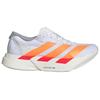 Adidas Кроссовки Adizero Adios Pro 4 Белый Ярко-оранжевый Мужские Lucid-Red JR7088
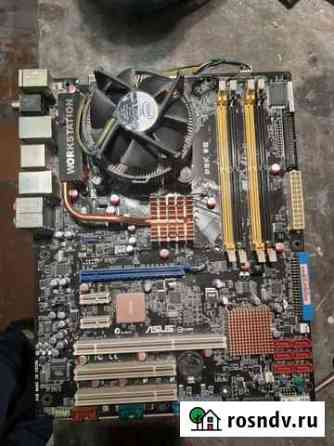 Материнская плата asus p5k ws Ярославль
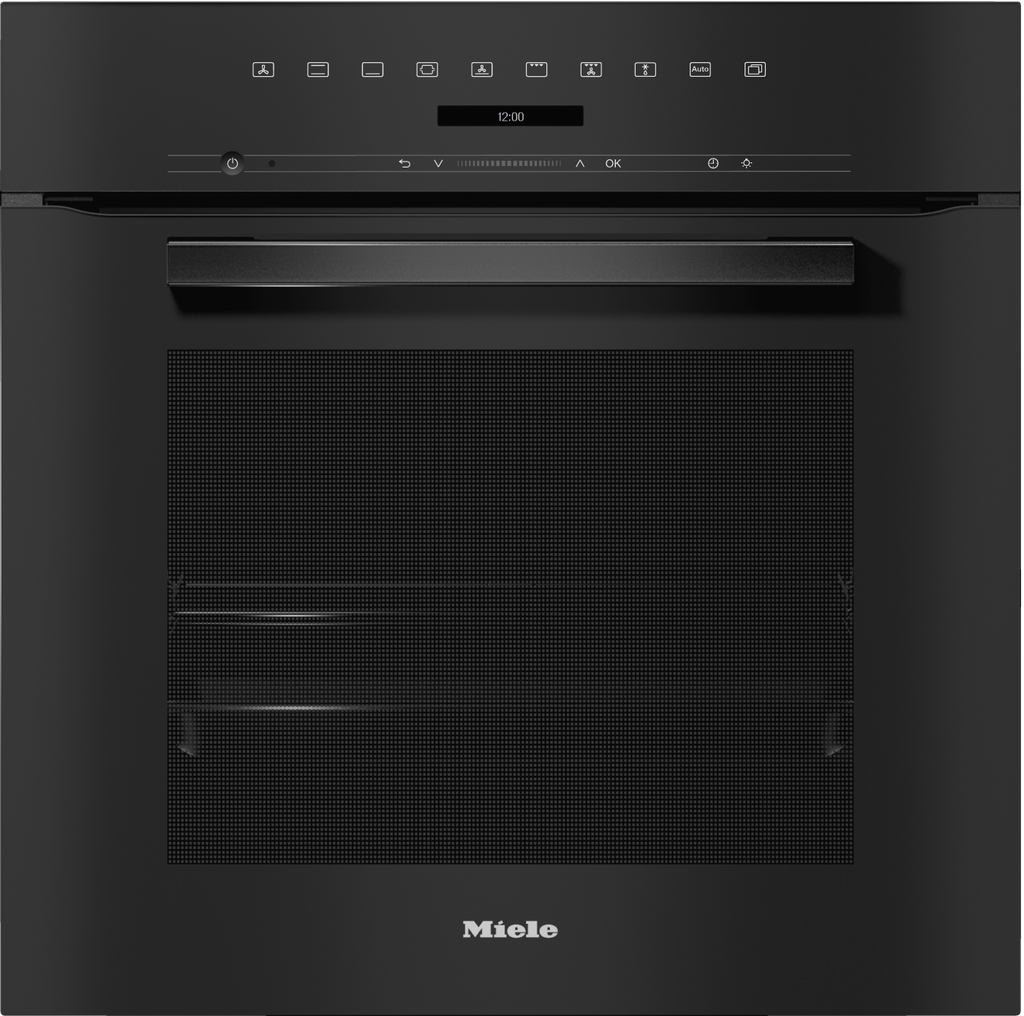 H 7260 B Backofen Obsidianschwarz Backöfen bis 60 cm Breite
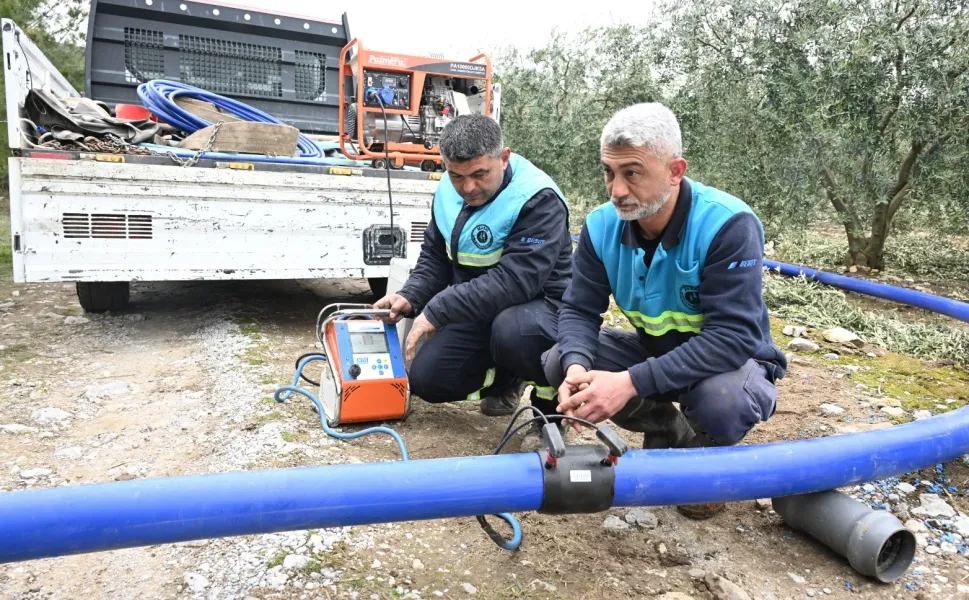 Bir mahalle daha kesintisiz içme suyuna kavuşuyor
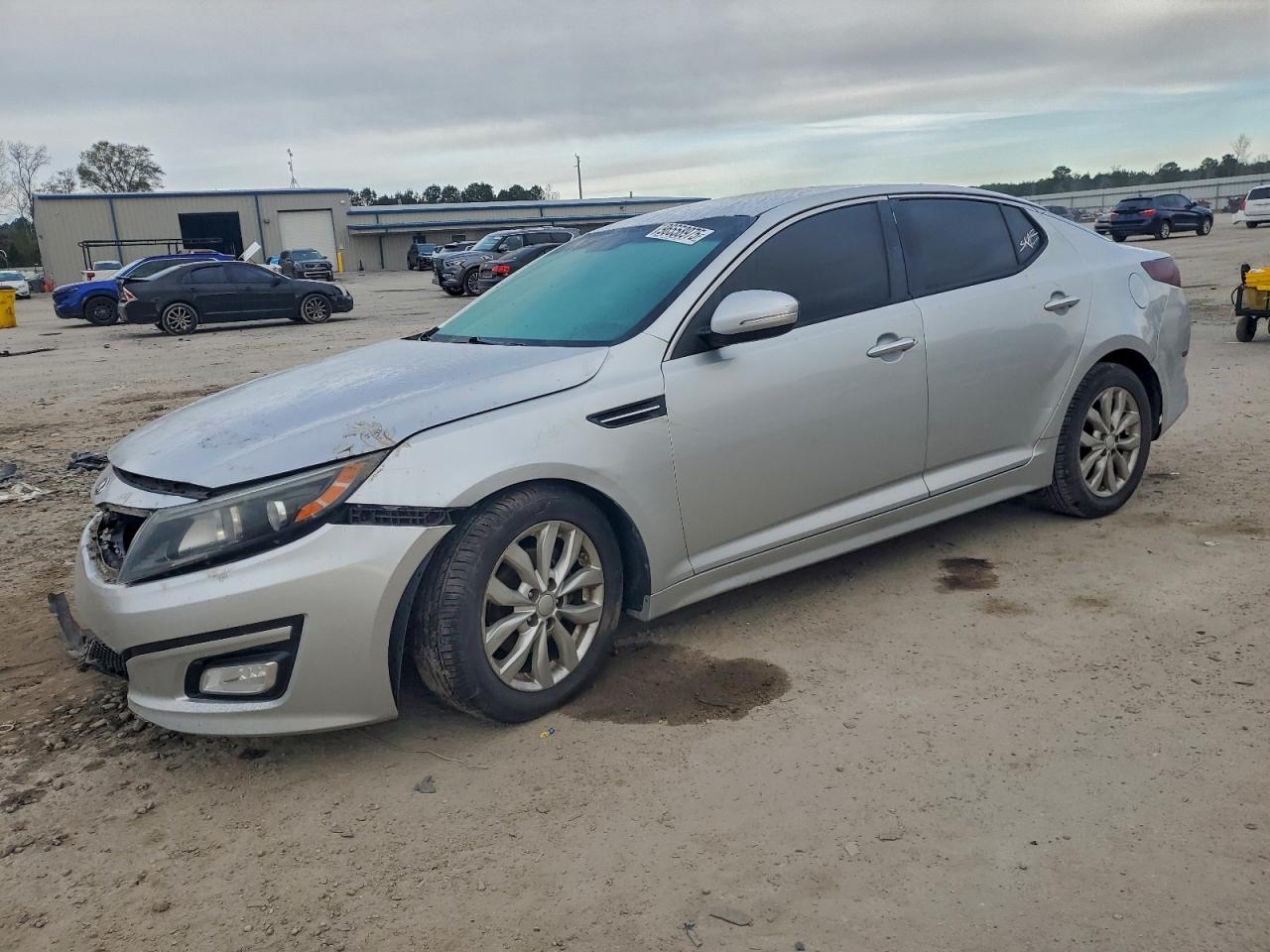 Kia Optima Lx Image 1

▶ WHAT TO PRODUCE: Keeping the pictures out, output the records from above exactly and completely.

▶ OUTPUT FOR THIS TASK:
 Adidas Кроссовки Adizero Adios Pro 4 Белый Ярко-оранжевый Мужские Lucid-Red JR7088
 Материнская плата asus p5k ws Ярославль
 H 7260 B Backofen Obsidianschwarz Backöfen bis 60 cm Breite
 Bir mahalle daha kesintisiz içme suyuna kavuşuyor
 Kia Optima Lx Image 1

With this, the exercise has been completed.